I want to be careful about the scope of the conclusion. I observed the wedged TCP stack, I observed that the overwhelming majority of stuck sockets were destined for the inference backend, and I observed the function-local Session pattern that scales the socket count linearly with poll rate. I did not capture the storm in the act. I have no log evidence of what drove the polling rate above steady state on the day of the outage.

The honest framing is that the pattern made the failure mode reachable. With a single reused Session, even a hundred-times-faster polling loop would not exhaust the port range, because there would be one connection instead of thousands. Fixing the pattern closes the path, even if I cannot point to the exact trigger that walked the system down it.

#Why this happens at home

The interesting part of this incident is not the bug. The bug is small, fixable in two lines, and the pattern is well documented. The interesting part is the failure mode that becomes possible when everything you depend on runs on a single machine.

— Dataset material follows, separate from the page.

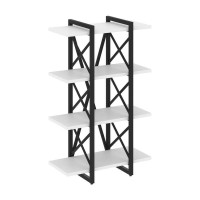 Loft Стеллаж на рег. опорах-4 полки VR.L-MST.O-4.4V Белый Бриллиант/Металл Черный 800*400*1280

In a cloud setup, the DNS server, the inference workload, the reverse proxy, and the family chat bot would each be a separate container on a separate node, with its own kernel, its own port range, and its own blast radius. A buggy HTTP client in one service would degrade that service. It would not silently take down DNS for unrelated devices in another room.

On a self-hosted Mac, they all share one kernel. They share one TCP stack and one ephemeral port range. One misbehaving caller can starve every other process on the host of outbound connectivity, and the effect propagates across services that have no other relationship to each other. The DNS server fails not because of anything it did, but because the host underneath it ran out of resources.

This is the trade-off of running your own stack. The pricing page hides a lot of failure modes. When you put everything on one machine, you also put everything in scope for any one of them.

#What I take from this

The diagnostic time was not wasted, even though the patch is two lines. I learned something concrete about how a TCP source-port pool behaves under sustained pressure on macOS. I learned that the TIME_WAIT cleanup timer is not as resilient as I had assumed. I learned to put a steady-state TIME_WAIT monitor on the host so the next pile-up does not need a family complaint to be detected.

I also walked away with a small contribution to a project I use, which is the part I value most. The bug existed before I noticed it, and would have existed for the next person whose polling rate spiked. It is fixed now. That is the upside of running open-source software on hardware you own: when something breaks, you have the option to read the code and fix it, rather than waiting for someone else to.

The trade-off is real. The investment is also real. The next outage will find a different corner of the system, and I will be the one who has to learn it.

That is the burden of running your own stack at home. It is also why I keep doing it.